■ WHAT THIS TASK INVOLVES: Could you output each record below exactly as it stands and leave the pictures out?

■ MATERIAL FOR THIS TASK:
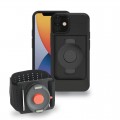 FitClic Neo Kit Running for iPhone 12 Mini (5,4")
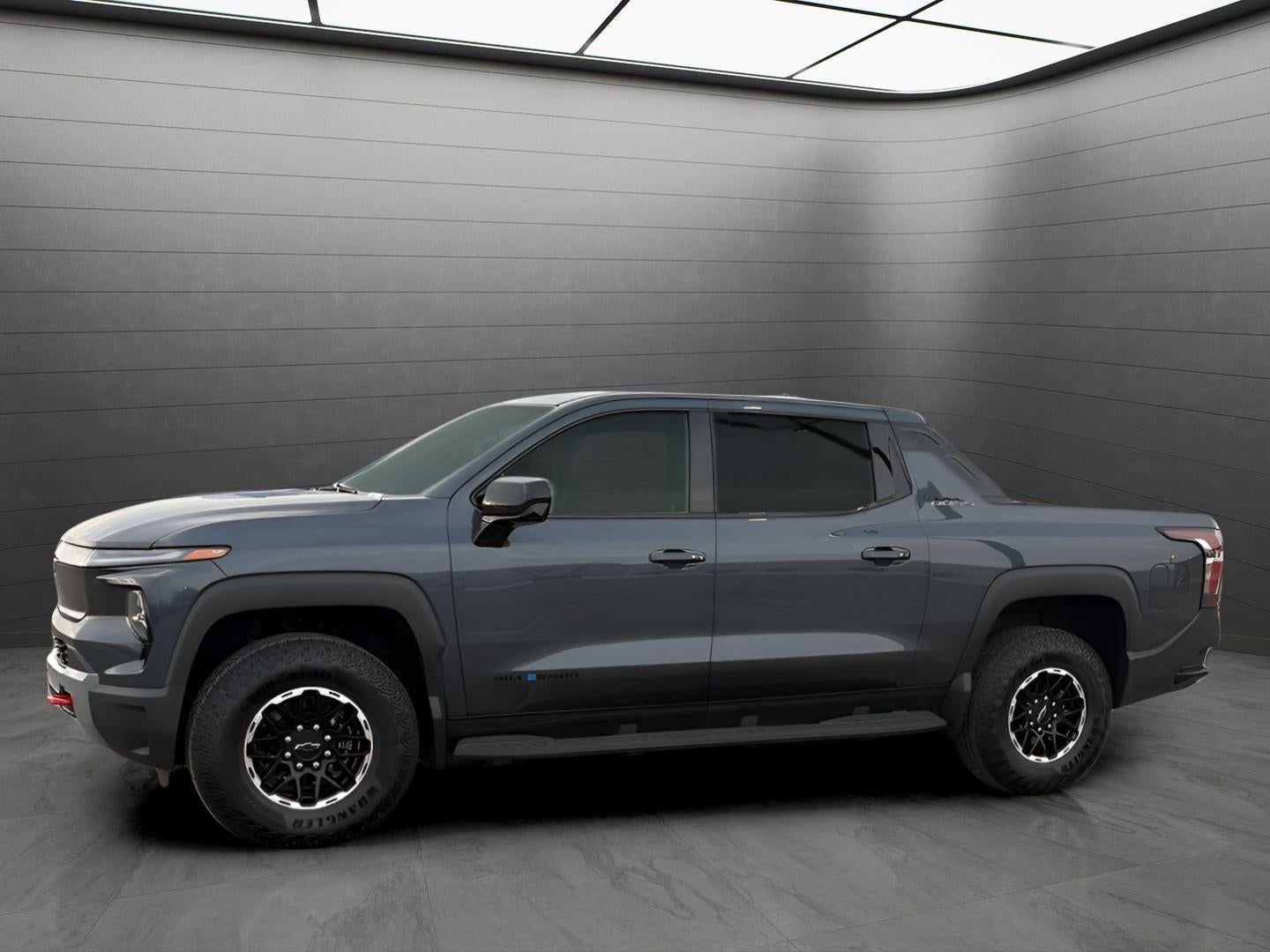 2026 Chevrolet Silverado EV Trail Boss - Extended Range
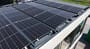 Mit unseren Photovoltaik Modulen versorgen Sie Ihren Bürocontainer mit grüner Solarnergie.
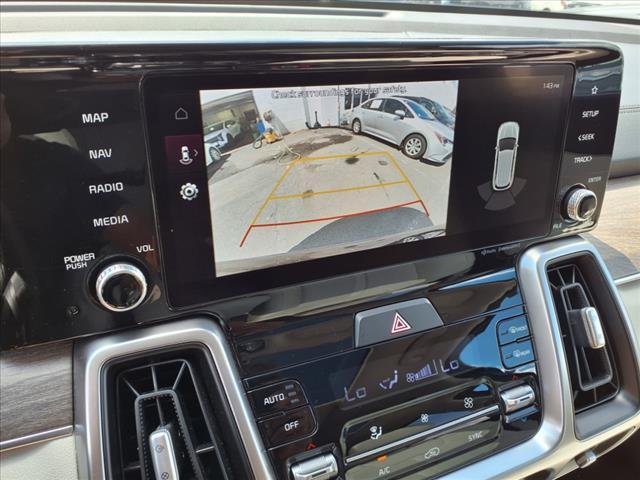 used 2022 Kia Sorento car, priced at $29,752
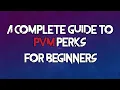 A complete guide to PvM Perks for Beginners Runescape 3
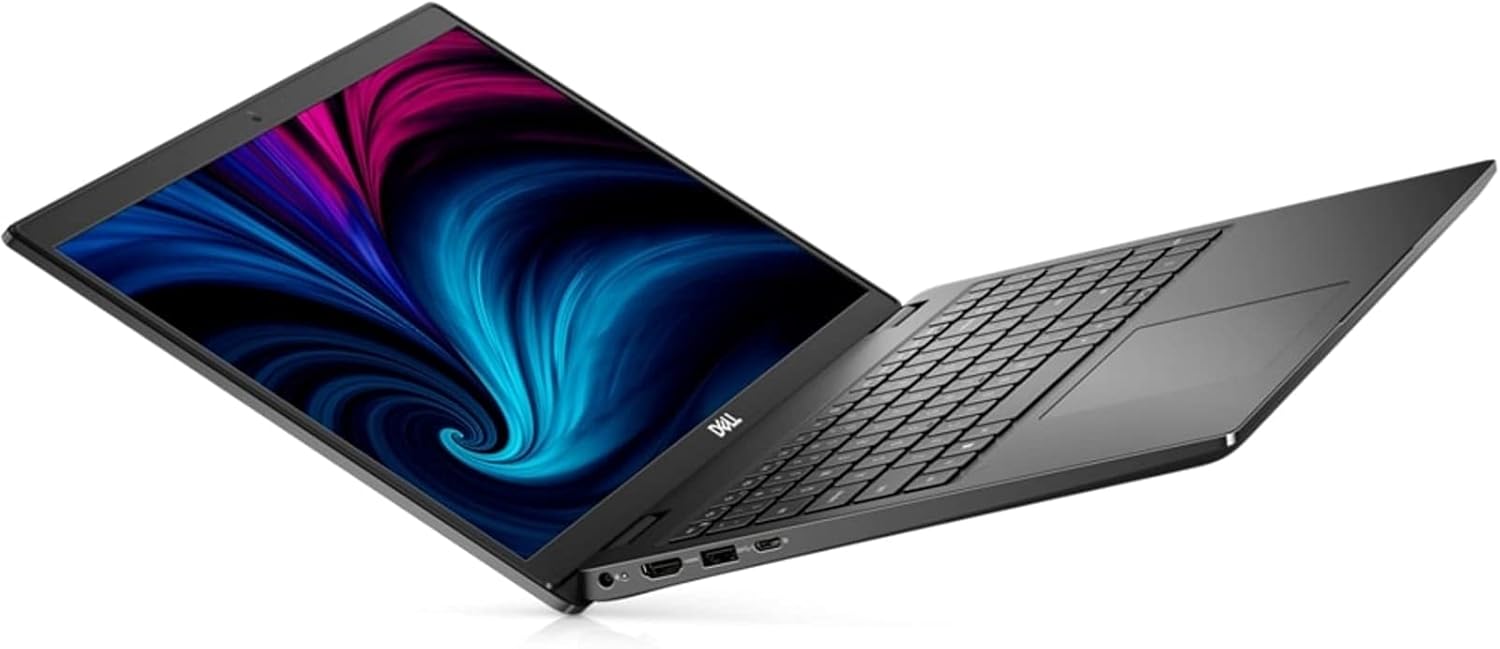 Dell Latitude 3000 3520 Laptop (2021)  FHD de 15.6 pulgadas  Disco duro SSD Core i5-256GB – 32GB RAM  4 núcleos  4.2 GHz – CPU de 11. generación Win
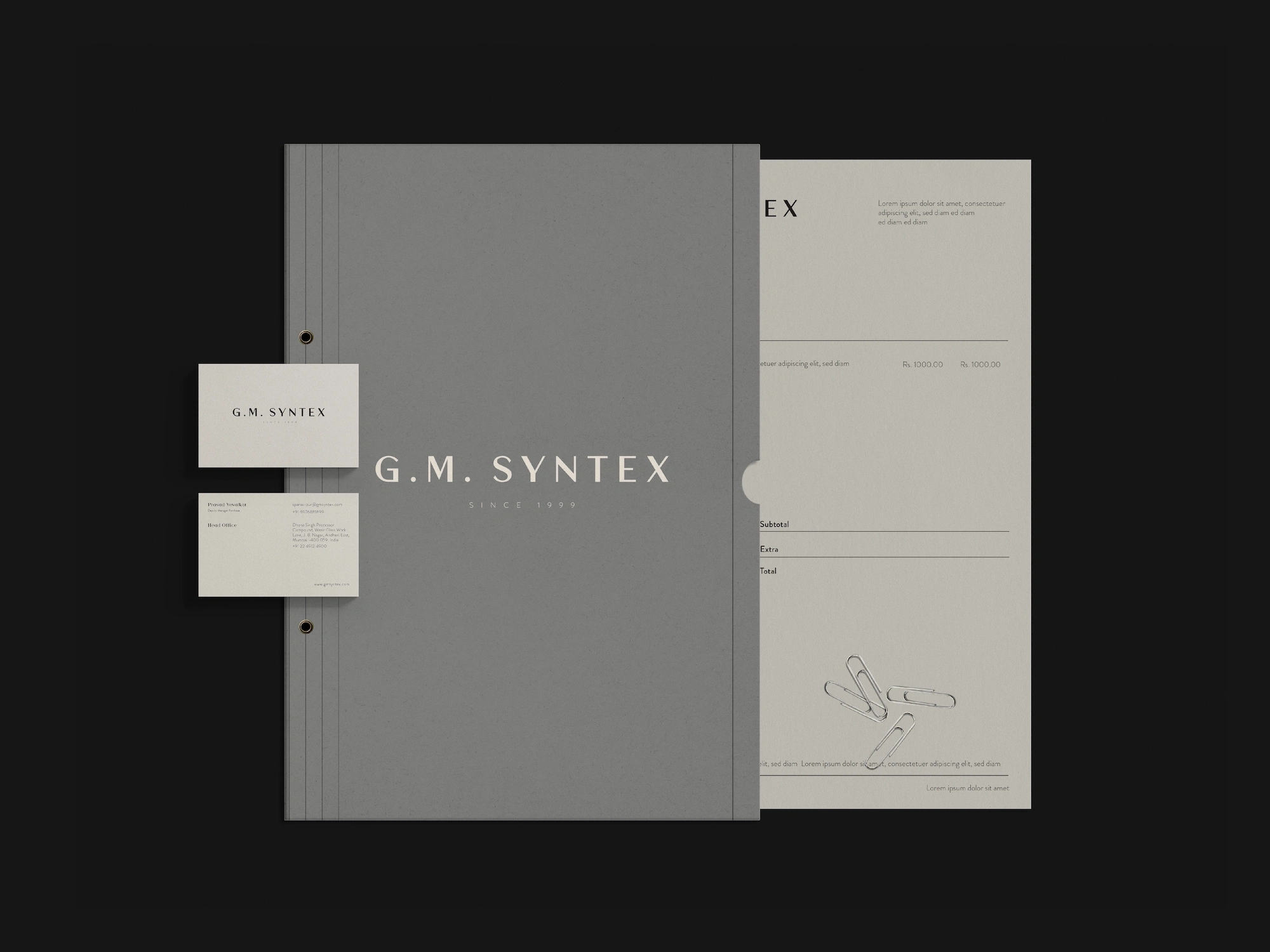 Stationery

■ ANSWER FOR THIS EXERCISE:
 FitClic Neo Kit Running for iPhone 12 Mini (5,4")
 2026 Chevrolet Silverado EV Trail Boss - Extended Range
 Mit unseren Photovoltaik Modulen versorgen Sie Ihren Bürocontainer mit grüner Solarnergie.
 used 2022 Kia Sorento car, priced at $29,752
 A complete guide to PvM Perks for Beginners Runescape 3
 Dell Latitude 3000 3520 Laptop (2021)  FHD de 15.6 pulgadas  Disco duro SSD Core i5-256GB – 32GB RAM  4 núcleos  4.2 GHz – CPU de 11. generación Win
 Stationery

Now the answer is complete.